No entanto, muitos prelados de fora do Ocidente – e, para ser franco, também alguns dentro dele – simplesmente não compram isso. Eles acham que “a crise”, no sentido da pressão midiática, das ações judiciais, dos protestos públicos e assim por diante, é um produto de certas culturas, e dedicar muito tempo e energia globais a ela é um mau conselho. Muitos também se ressentem do modo como os escândalos obscurecem outras narrativas mais positivas sobre a Igreja.
Isso pode não se traduzir em “negação”, mas é um claro contraste no senso de prioridades e urgências e, em alguns aspectos, é tão relevante na vida da Igreja de 2018 quanto era na de 2002, quando a crise dos abusos irrompeu pela primeira vez nos Estados Unidos, e quando a política da “tolerância zero” nasceu.

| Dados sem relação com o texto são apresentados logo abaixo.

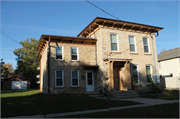 523 HIGHLAND AVE 523 HIGHLAND AVE, a Italianate house, built in Beloit, Wisconsin in 1860.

Talvez outro veredito sobre o Sínodo de 2018, portanto, seja este: talvez a única coisa que realmente mudará o cálculo é se os reformadores estiverem certos, e a crise realmente estiver destinada a explodir em um lugar atrás do outro onde ela ainda não eclodiu.
Caso contrário, é difícil imaginar, após observar 260 bispos de todo o mundo sumirem com a “tolerância zero”, o que mais poderia fazer esse truque.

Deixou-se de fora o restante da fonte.